Para finalizar, gostaria de citar uma não-ficção, e que acho de extrema importância para o entendimento da história do século XX: A Era dos Extremos, de Eric Hobsbawn. Esse livro é uma análise das transformações políticas, sociais e econômicas do "curto século XX" (que teria começado na Primeira Guerra e terminado em 1989, com a queda do Muro de Berlim), amarrando-o ao "longo século XIX" (que sociologicamente teria começado na Revolução Francesa e terminado na Primeira Guerra Mundial). Hobsbawn trata as décadas também desta forma, como os anos 50, que teria começado em 1946, no fim da Segunda Grande Guerra, e terminado em 1963, com o assassinato de JFK.

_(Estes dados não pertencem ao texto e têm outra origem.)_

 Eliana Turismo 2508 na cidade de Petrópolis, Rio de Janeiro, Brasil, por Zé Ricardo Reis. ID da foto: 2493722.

Enfim, uma leitura bastante indicada, ótimo ponto de partida, uma vez que nos abre um panorama de cada época, suas conseqüências atuais sobre o mundo e sobre nós mesmos, o que somos e por que somos.
Li sobre os vários livros listados e lembrei que entre os que mais me marcaram estão: Clarice Lispector, todos, e Thomas Mann (alemão, filho de mãe brasileira de Paraty/RJ), A Montanha Mágica. Que protagonista, que história, recomendo.